→ The task
Each line below should be repeated exactly, but no picture should be carried over.

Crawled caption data
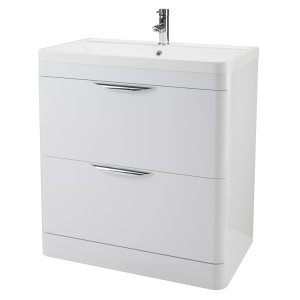 Parade 800mm Floor Standing Vanity Unit (Polymarble Basin)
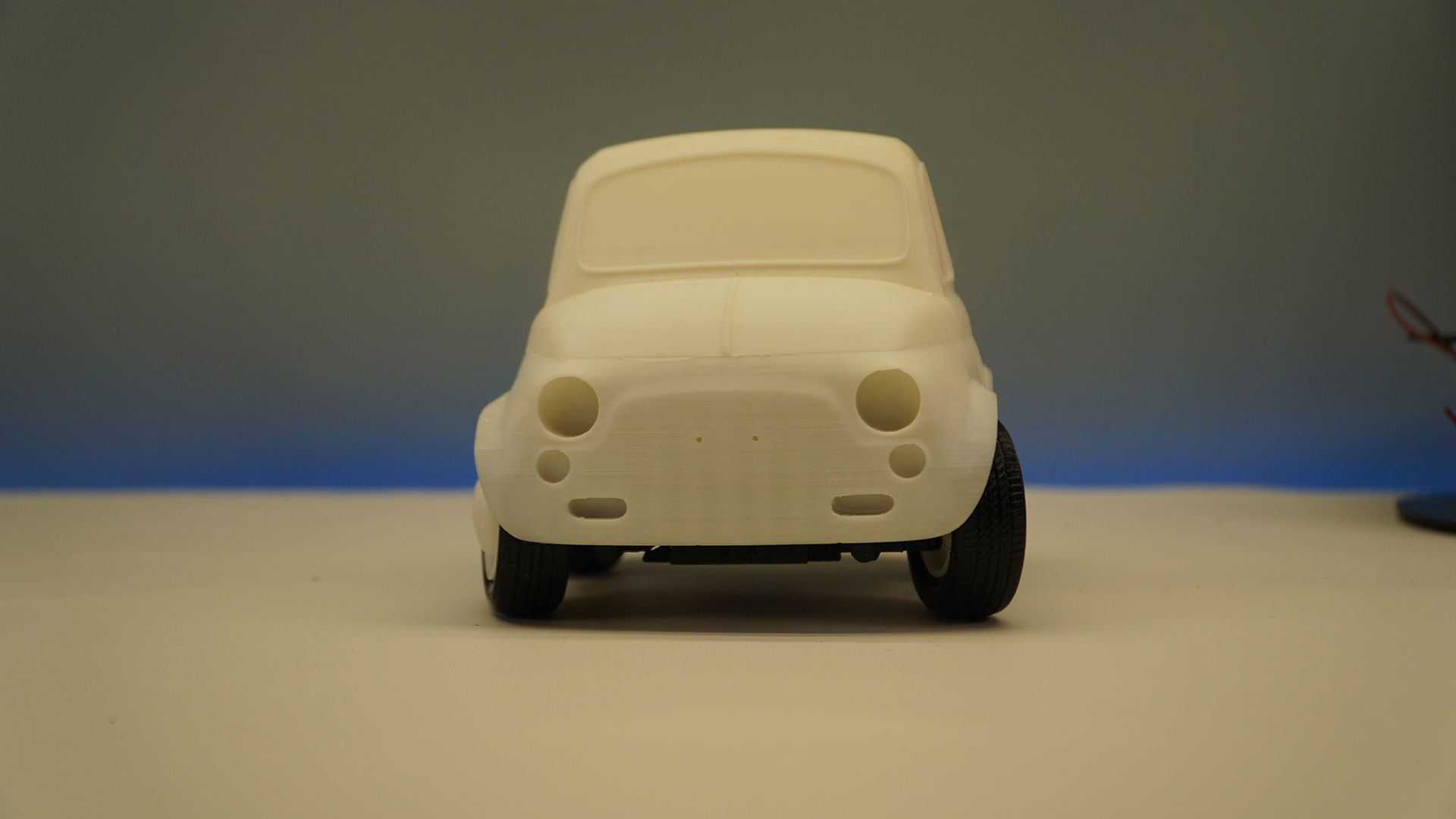 3D printed cute toy car with suspension 3D print model_8
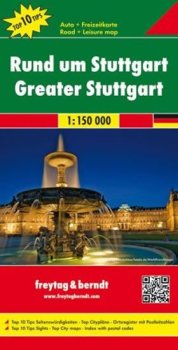 Rund um Stuttgart, Top 10 Tips/Okolí Stuttgartu 1:150T/automapa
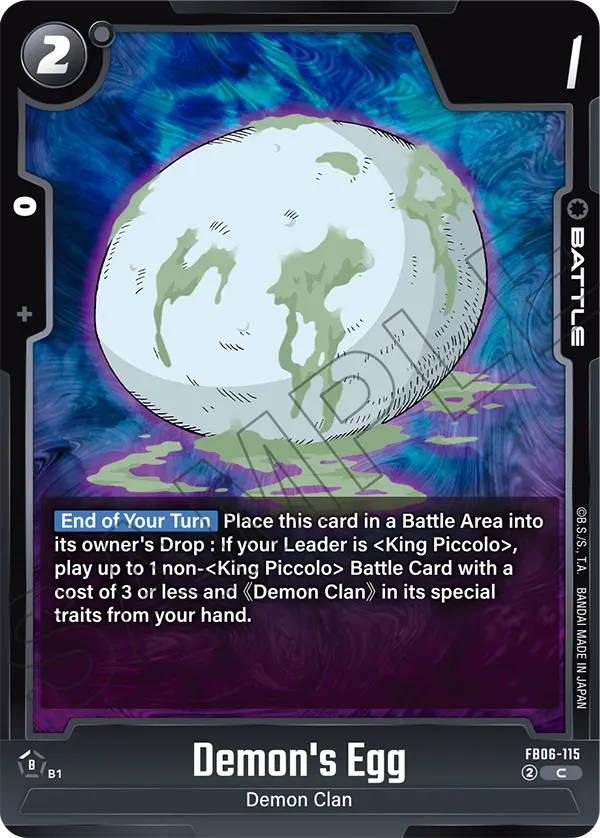 Demon's Egg, FB06-115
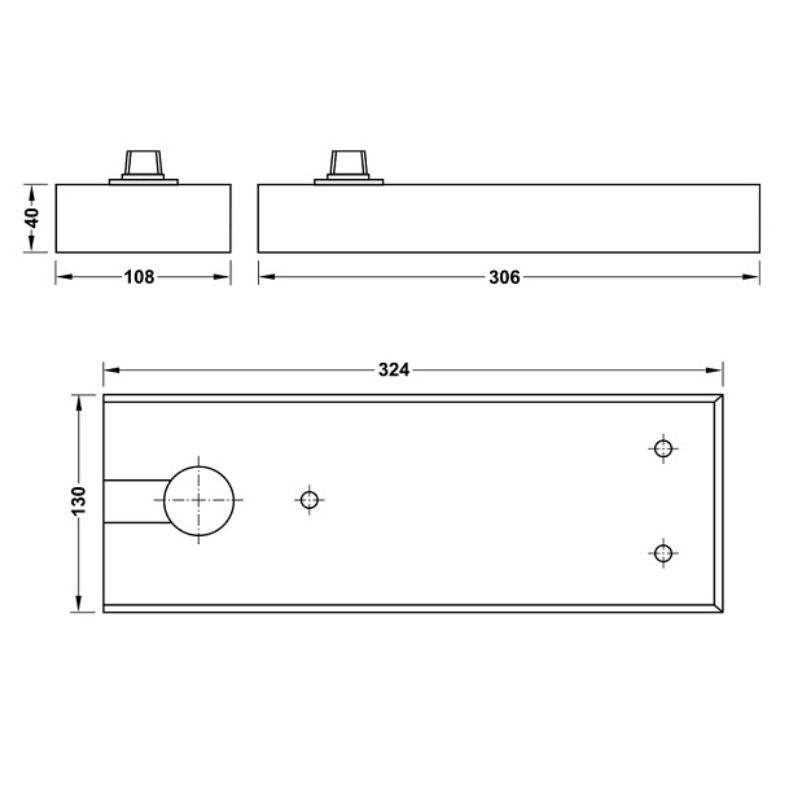 Kích thước Bản lề sàn DCL41 EN2 70kg Hafele 932.84.025 Kích thước Bản lề sàn DCL41 EN2 70kg Hafele 932.84.025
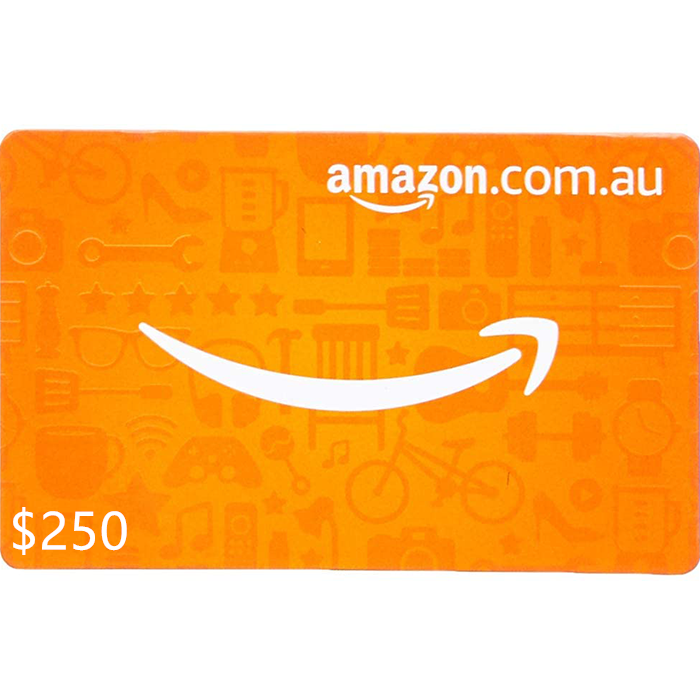 Amazon $250 AUD Digital Gift Card/Voucher (Email Delivery)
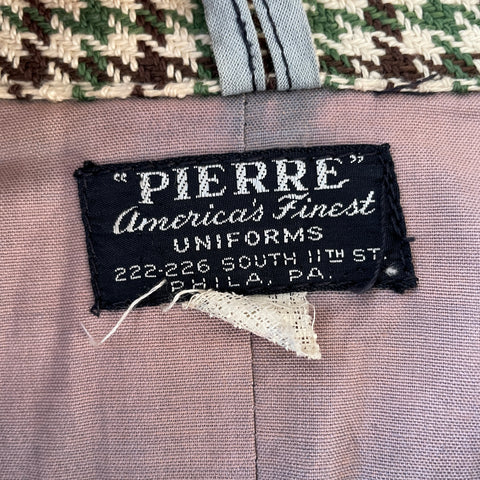 30’s Houndstooth Jacket - Large
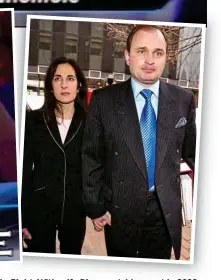  ?? ?? Shameful: Charles Ingram ‘winning’ £1 million and (inset left) congratula­ted by Chris. Right: With wife Diana outside court in 2003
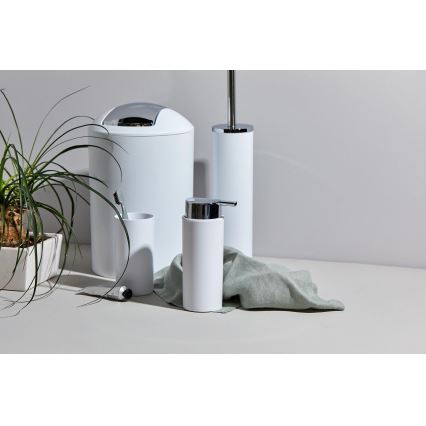 WENKO 24077800 - Sada CALVO 6,5x13 cm biela/lesklý chróm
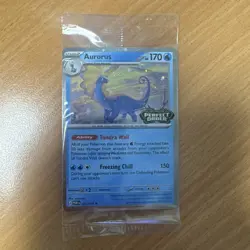 Aurorus 024/088 Cosmo Holo - Pokemon Perfect Order stamped promo - Sealed Card - Image 1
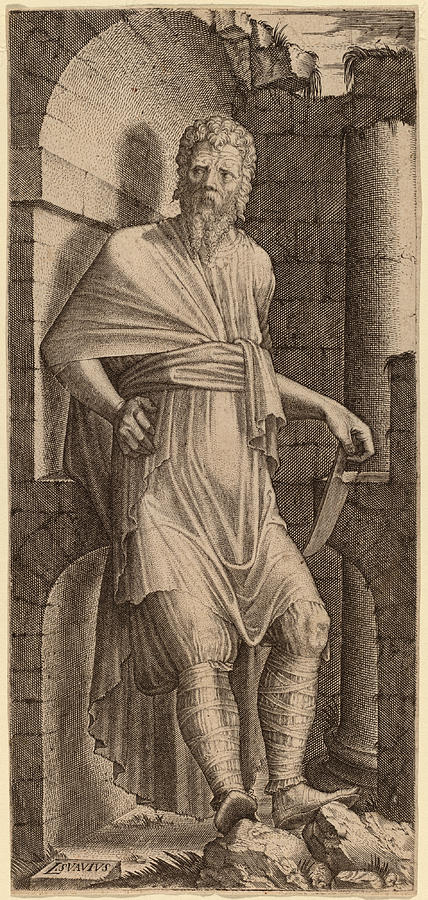 Saint Bartholomew Drawing by Lambert Suavius - Fine Art America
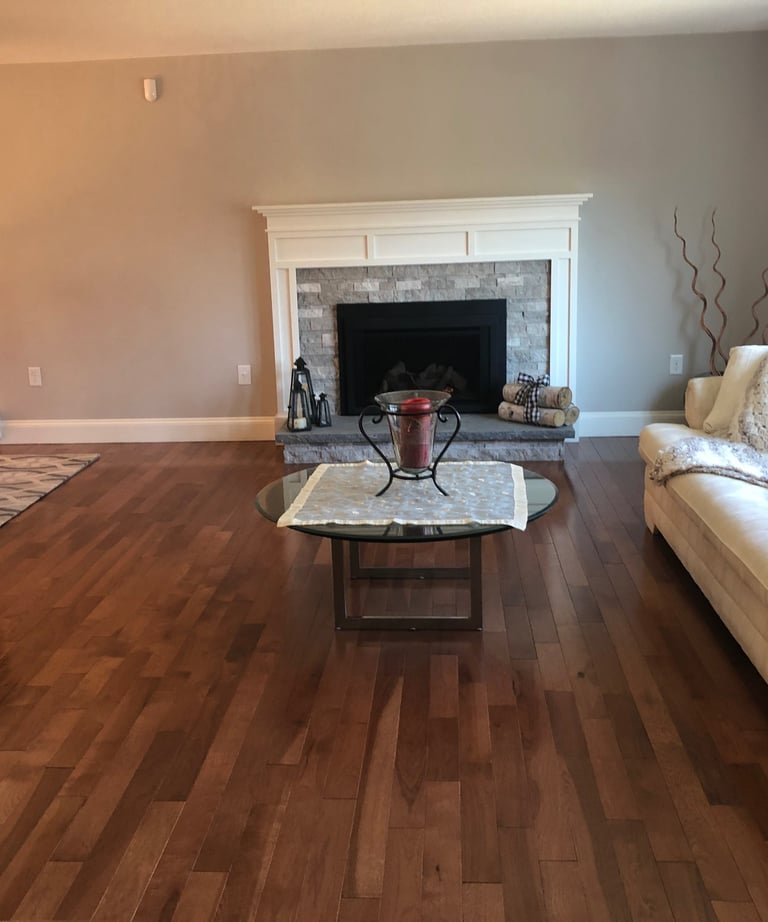 Hardwood flooring installation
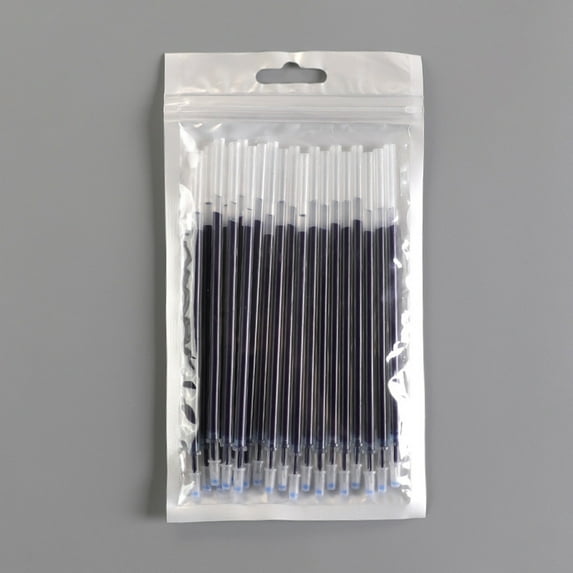 LQXZWJY 5.12'' Ballpoint Ink Pen Refills for Click Pens, 1 mm Medium Point Tip, (Refills-Blue ink-10Pcs)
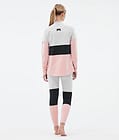 Alpha W Baselayer tights Dame Light Grey/Black/Soft Pink, Billede 4 af 7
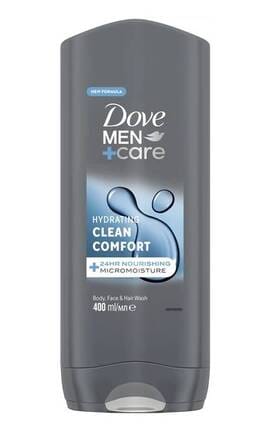 --Гель для душа Dove Men+Care Чистота и комфорт 400 мл-8720181313448-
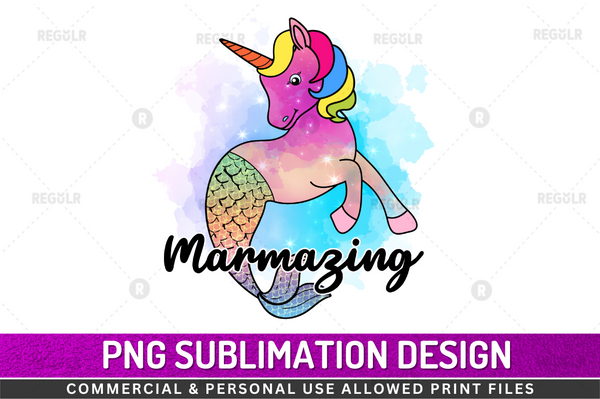 Marmazin Sublimation Design PNG File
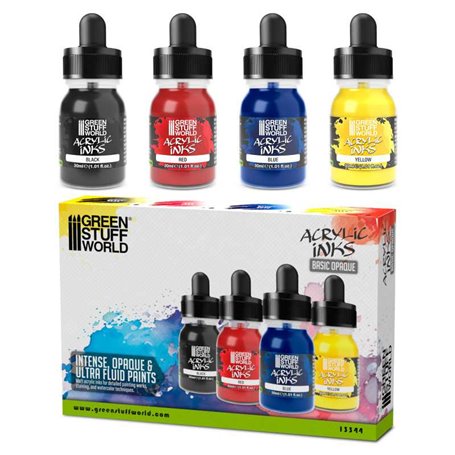 Acrylic Inks Set - Basic Opaque (x4)Acrylic Inks Set - Basic Opaque (x4)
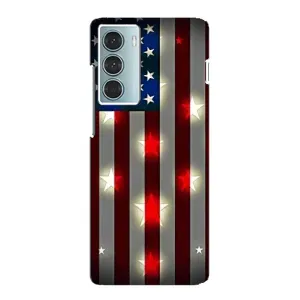 Чехол Флаг USA для Motorola MOTO G200 (Флаг США 2)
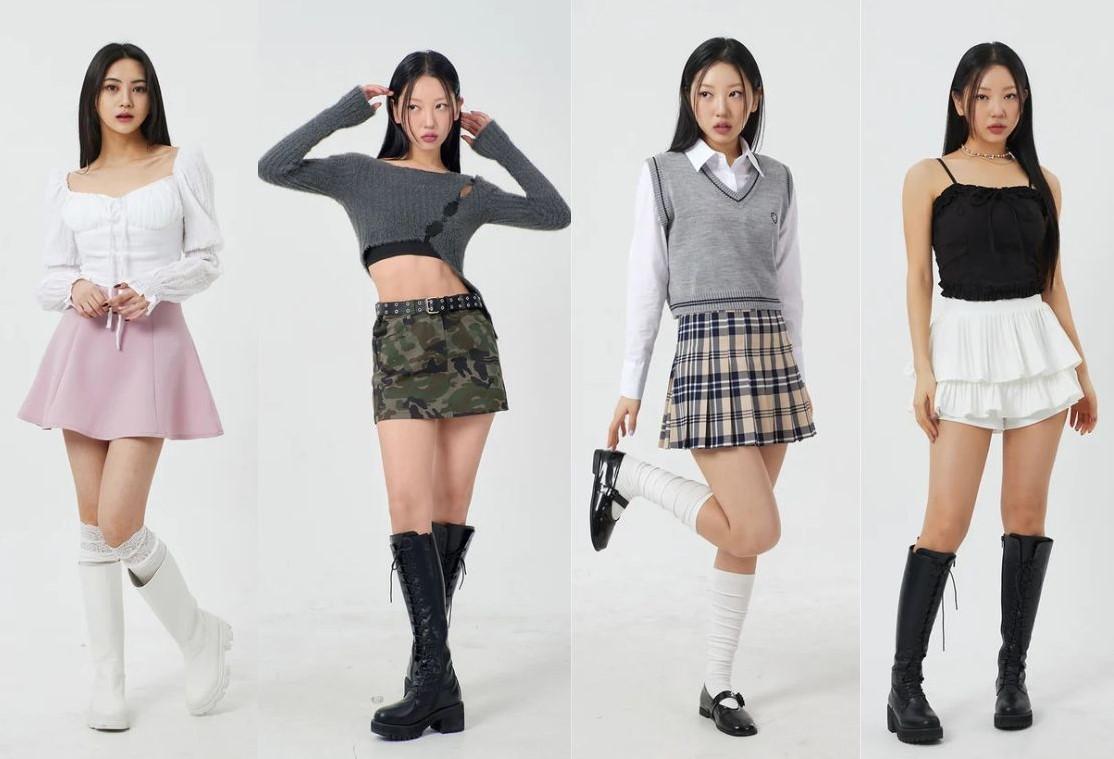 phối đồ với chân váy ngắn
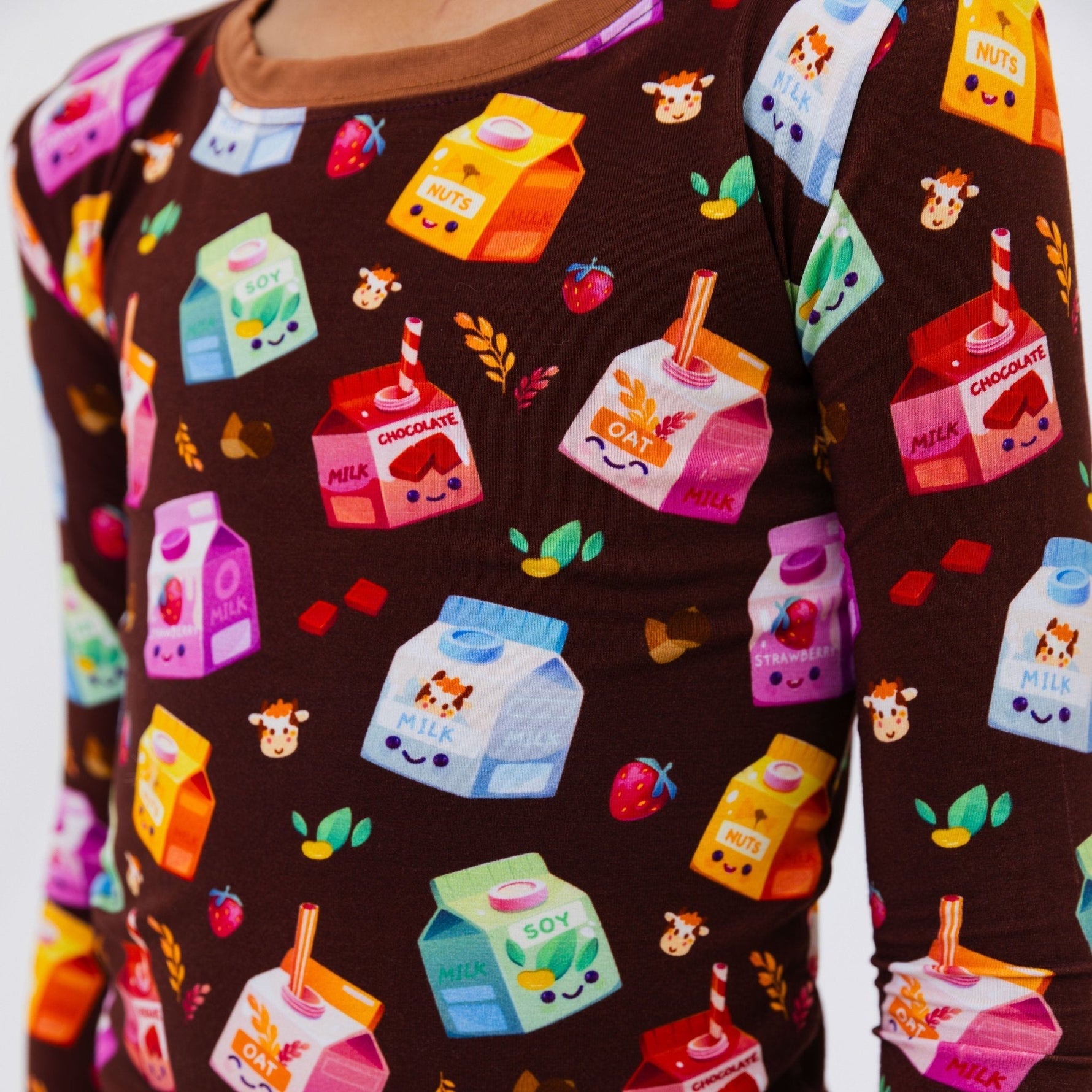 Bam & Stitch All the Milks! Long Sleeve Pajamas - 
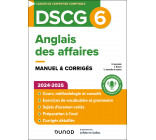 DSCG 6 - Anglais des affaires - Manuel - 2024-2025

→ Result of the exercise
 Parade 800mm Floor Standing Vanity Unit (Polymarble Basin)
 3D printed cute toy car with suspension 3D print model_8
 Rund um Stuttgart, Top 10 Tips/Okolí Stuttgartu 1:150T/automapa
 Demon's Egg, FB06-115
 Kích thước Bản lề sàn DCL41 EN2 70kg Hafele 932.84.025 Kích thước Bản lề sàn DCL41 EN2 70kg Hafele 932.84.025
 Amazon $250 AUD Digital Gift Card/Voucher (Email Delivery)
 30’s Houndstooth Jacket - Large
  ?? ?? Shameful: Charles Ingram ‘winning’ £1 million and (inset left) congratula­ted by Chris. Right: With wife Diana outside court in 2003
 WENKO 24077800 - Sada CALVO 6,5x13 cm biela/lesklý chróm
 Aurorus 024/088 Cosmo Holo - Pokemon Perfect Order stamped promo - Sealed Card - Image 1
 Saint Bartholomew Drawing by Lambert Suavius - Fine Art America
 Hardwood flooring installation
 LQXZWJY 5.12'' Ballpoint Ink Pen Refills for Click Pens, 1 mm Medium Point Tip, (Refills-Blue ink-10Pcs)
 Alpha W Baselayer tights Dame Light Grey/Black/Soft Pink, Billede 4 af 7
 --Гель для душа Dove Men+Care Чистота и комфорт 400 мл-8720181313448-
 Marmazin Sublimation Design PNG File
 Acrylic Inks Set - Basic Opaque (x4)Acrylic Inks Set - Basic Opaque (x4)
 Чехол Флаг USA для Motorola MOTO G200 (Флаг США 2)
 phối đồ với chân váy ngắn
 Bam & Stitch All the Milks! Long Sleeve Pajamas - 
 DSCG 6 - Anglais des affaires - Manuel - 2024-2025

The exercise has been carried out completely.